J'avais 15 ans quand je suis arrivé ici.
J'ai opté pour la crête dès mon arrivée en Italie. Les gens aiment.
On dit aussi que j'ai une banane ou que je ressemble à un coq.
Ca vient de mon prof, Annamaria.
Elle se moque tout le temps de moi. Elle me nomme 'coq'.
Je ne savais ni lire, ni écrire.
Quand je me suis rendu à la gare, je savais ni lire ni écrire.
J'ai mis huit mois à apprendre à lire et à écrire.
J'ai appris petit à petit. J'ignorais ce qu'était une bibliothèque.
J'avais honte, la première fois que je suis venu ici.
Pas possible!
Quand on me regardait, je me demandais: Ben quoi, qu'est-ce que j'ai?
Mes fringues sont sales? Je suis mal habillé?
Pourquoi on me zyeute comme ça?
J'ai dit à une femme: J'aimerais voir ce film.

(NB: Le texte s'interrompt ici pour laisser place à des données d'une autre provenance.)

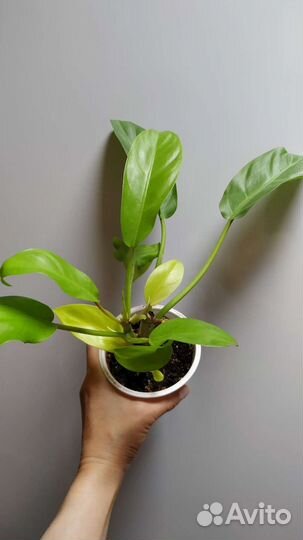 Хойя, алоказия, нефролепсис, оксалис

Elle: Vas-y, je t'en prie!
Je redoutais sa réponse, mais elle était sympa.
Elle a fait: Tu veux bien me passer ta carte de biblio?
Sers-toi de la télécommande pour regarder.
Je me demande bien pourquoi on nous a expulsés si souvent.
Tous ces trucs. Je sais pas.
Après mon premier jour en classe...
je rentre au camp.
Ma mamie est si heureuse qu'elle éclate en sanglots.
Je lui demande: Pourquoi tu pleures?
Les enfants de ma génération n'allaient pas en classe comme toi.
Le lendemain matin, la police me réveille:
Lève-toi!
Moi: C'est qui? La police. Vous êtes expulsés.
Chacun rassemble ses affaires.
Faut emporter ses vêtements, les nuits étaient glaciales.
En moins de 10 minutes, les flics envahissent les baraques.
Les bulldozers rasent toutes les baraques.
Interdiction de récupérer vos trucs importants. J'ai tout perdu.
Il me restait que les souliers que j'avais aux pieds.
J'ai perdu tout ce que j'avais. Tout!
Mes jouets, mes ballons, mes cartes, tout le bazar, quoi.
Mes peluches. Tout est resté là-bas.
Depuis mon arrivée en Italie, il a un an, on m'a vidé huit fois.
A tous les coups j'avais le cafard.
Pour moi, c'était pas un campement. C'était ma maison.
L'endroit que j'aimais, où je rentrais tous les soirs...
la chaleur de la maison, de la baraque et tout ça.
Je rêvais de continuer, de travailler...
et d'être un gars comme il faut.
J'aimerais que ma sœur aille à l'école...
et qu'elle termine pas comme moi.
Sans ces profs, je serais resté ignare.
La biblio est mon endroit préféré. Personne ne m'y a dit:
Marius, t'as pas le droit d'être ici, ne reviens plus jamais.
C'est ici qu'on m'a dit que je ne devais pas avoir honte...
que je n'étais ni impoli, ni mal vêtu ni sale.
Même quand on m'avais chassé de chez moi et que j'avais plus rien...
je venais voir des films, lire et écrire et je repartais.
C'est pour moi le meilleur endroit jamais connu.
Des profs bénévoles instruisent Marius tous les jours.
Malgré ses huit expulsions...
Marius a appris l'italien, la lecture et l'écriture en huit mois.